**REQUIRED WORK**.
Within the records below, find the line with "20611 6th Place W Lynnwood WA 98036" and the line with "Robles afirma que", then reproduce exactly those two lines and all lines between them, without any picture.

**WORKING DATA**.
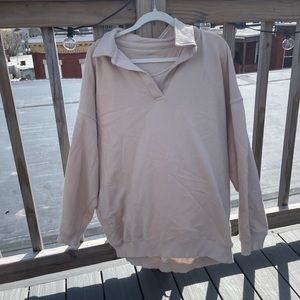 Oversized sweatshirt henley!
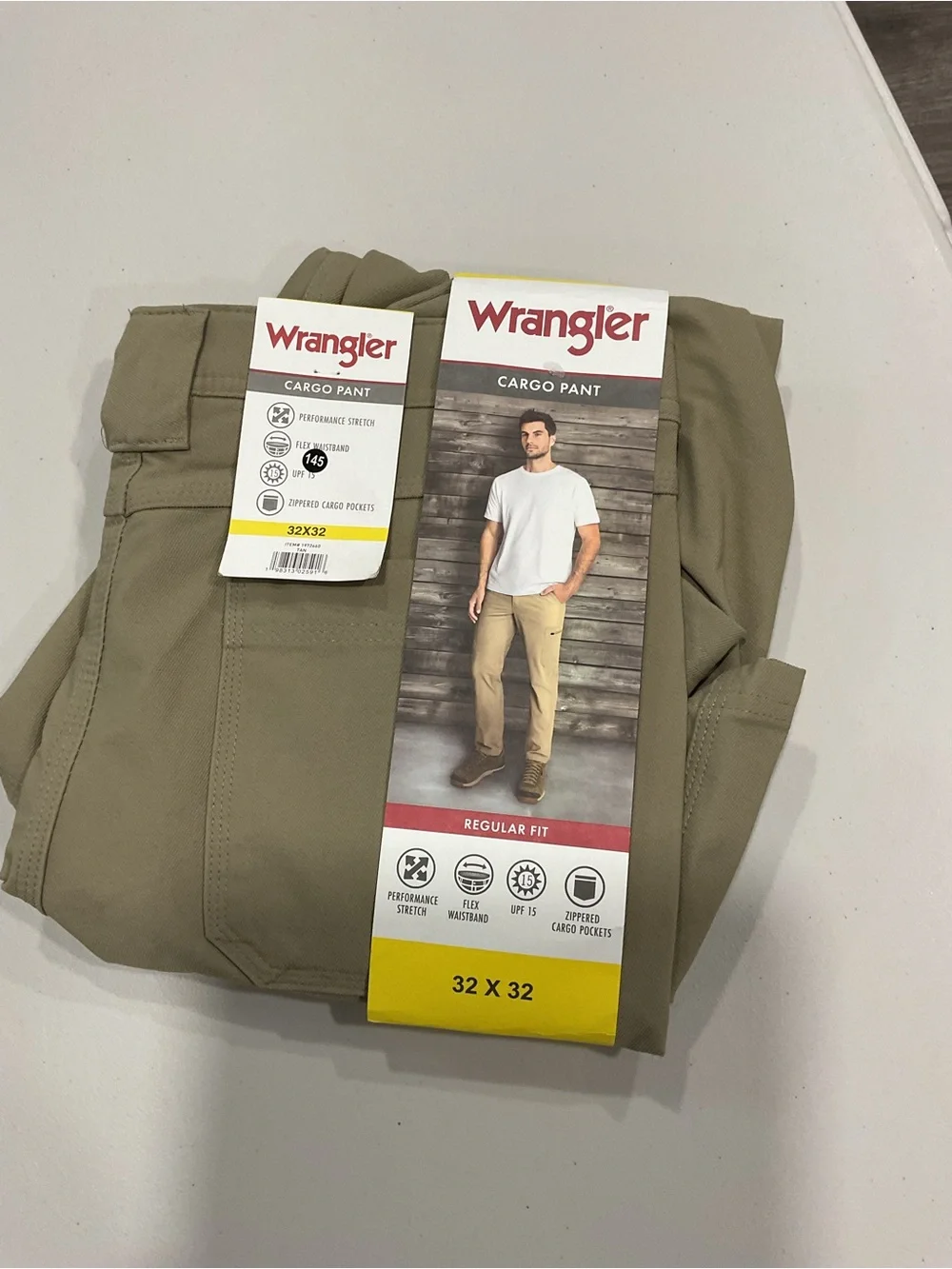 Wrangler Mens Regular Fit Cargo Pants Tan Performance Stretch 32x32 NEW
* * *
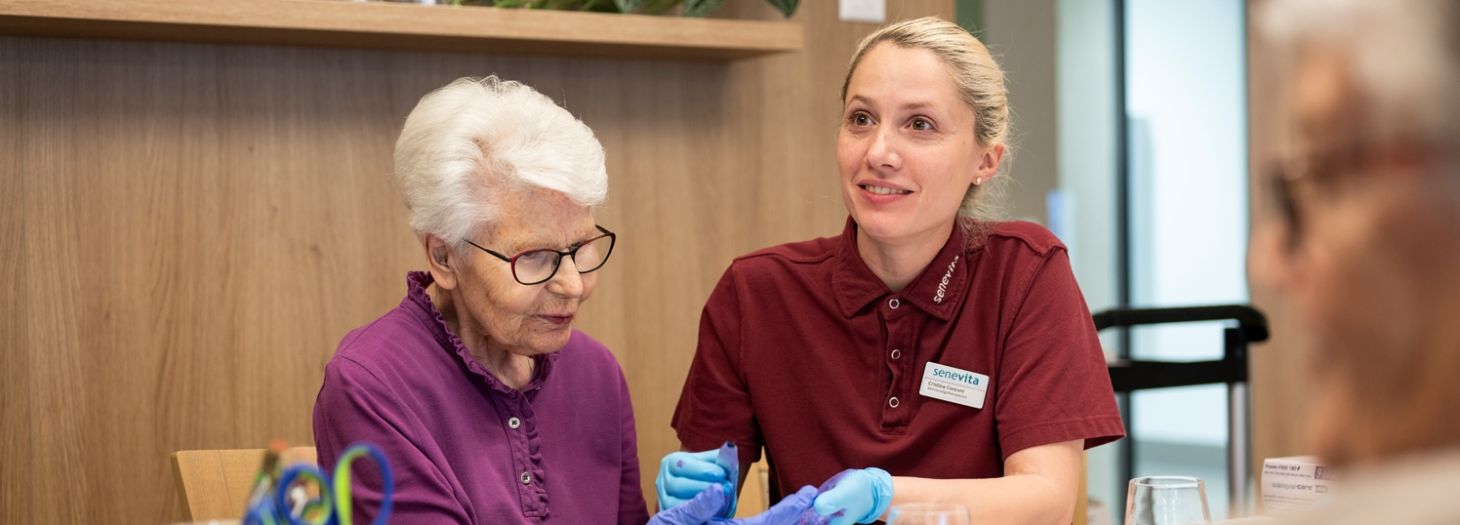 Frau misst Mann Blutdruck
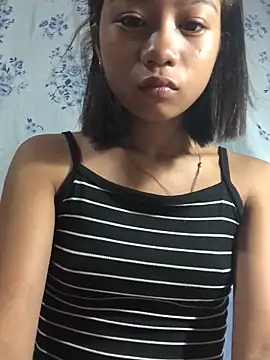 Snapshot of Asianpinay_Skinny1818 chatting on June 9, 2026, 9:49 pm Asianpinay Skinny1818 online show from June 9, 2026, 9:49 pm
---
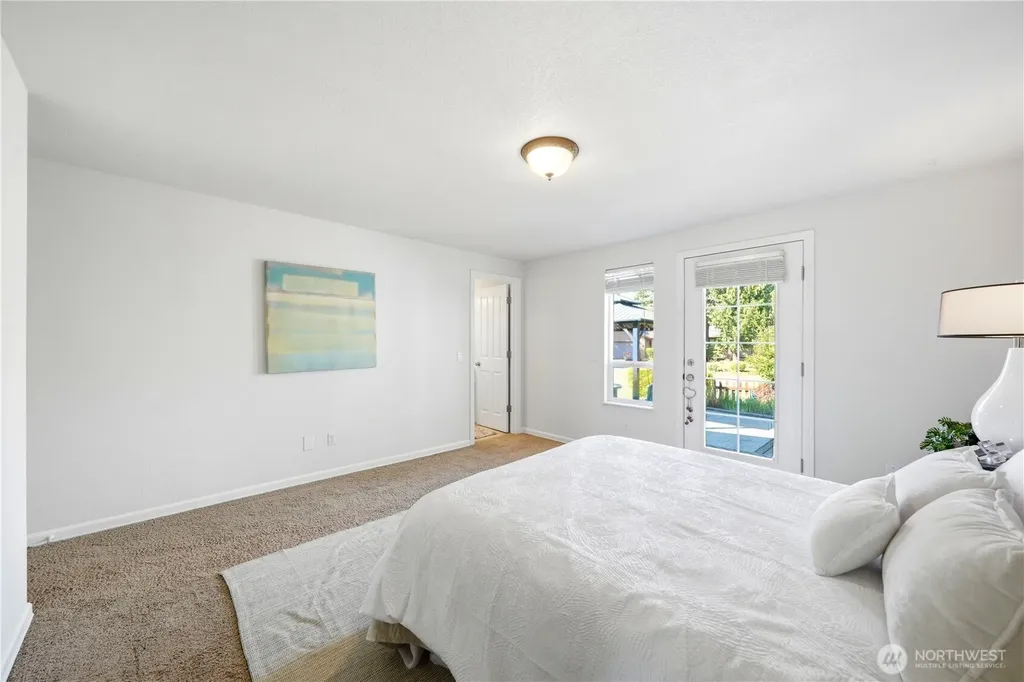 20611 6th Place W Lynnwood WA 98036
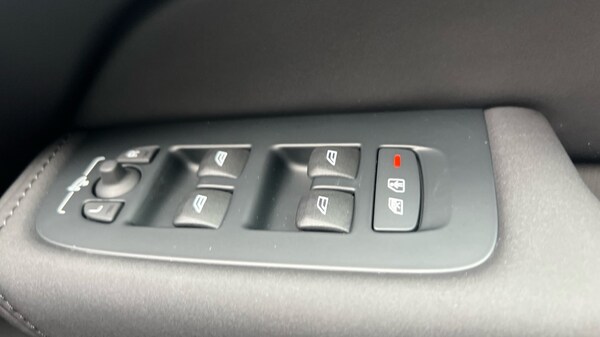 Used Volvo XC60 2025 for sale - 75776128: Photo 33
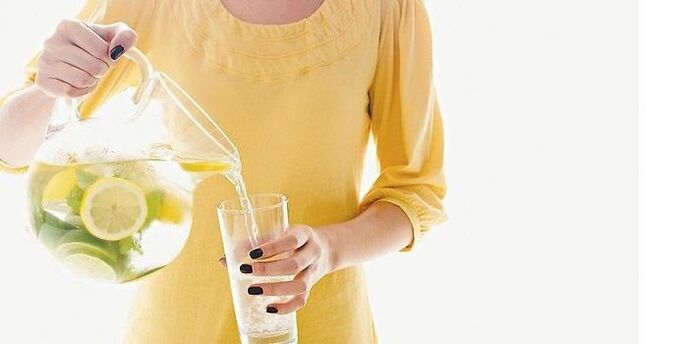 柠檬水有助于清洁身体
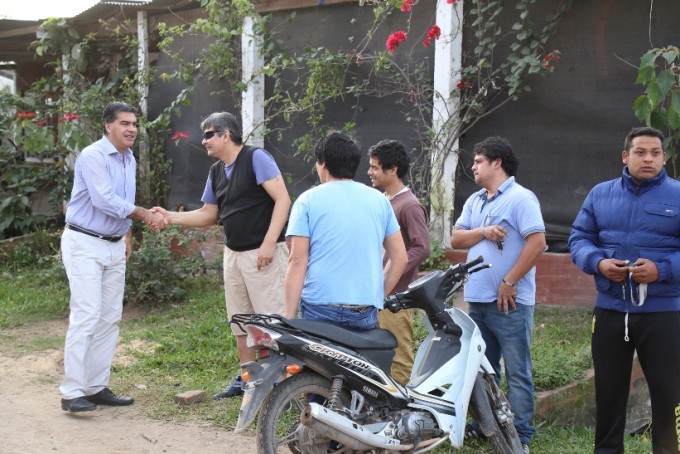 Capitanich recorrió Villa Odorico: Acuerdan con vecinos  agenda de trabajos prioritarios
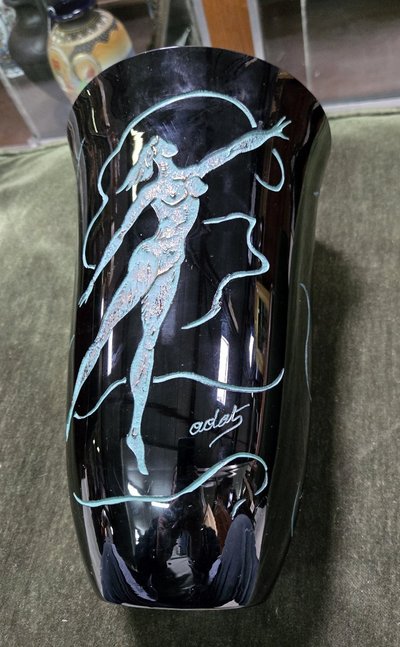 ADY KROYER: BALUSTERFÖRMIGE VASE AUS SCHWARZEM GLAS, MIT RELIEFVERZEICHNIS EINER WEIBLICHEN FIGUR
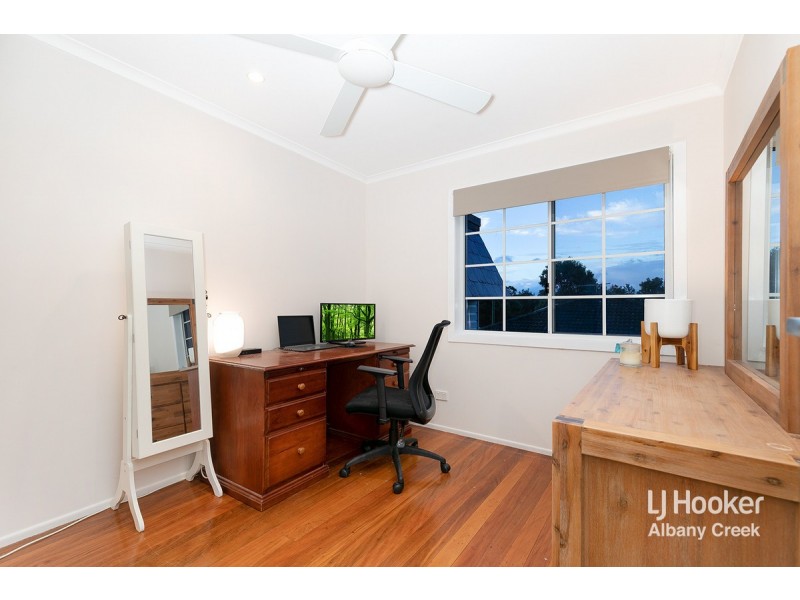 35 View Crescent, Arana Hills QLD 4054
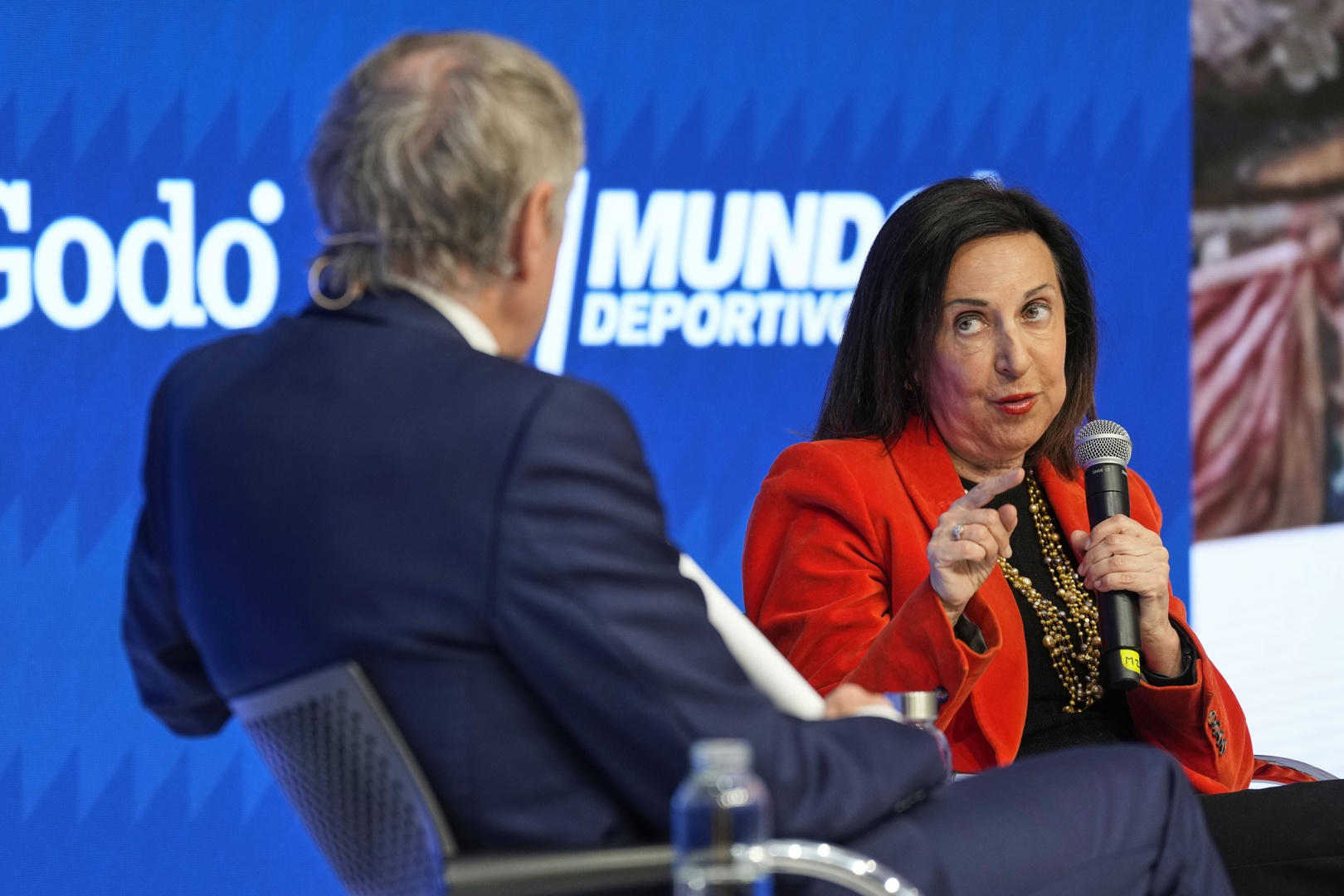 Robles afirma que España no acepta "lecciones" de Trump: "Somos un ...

**ANSWER TO THIS TASK**.
 20611 6th Place W Lynnwood WA 98036
 Used Volvo XC60 2025 for sale - 75776128: Photo 33
 柠檬水有助于清洁身体
 Capitanich recorrió Villa Odorico: Acuerdan con vecinos  agenda de trabajos prioritarios
 ADY KROYER: BALUSTERFÖRMIGE VASE AUS SCHWARZEM GLAS, MIT RELIEFVERZEICHNIS EINER WEIBLICHEN FIGUR
 35 View Crescent, Arana Hills QLD 4054
 Robles afirma que España no acepta "lecciones" de Trump: "Somos un ...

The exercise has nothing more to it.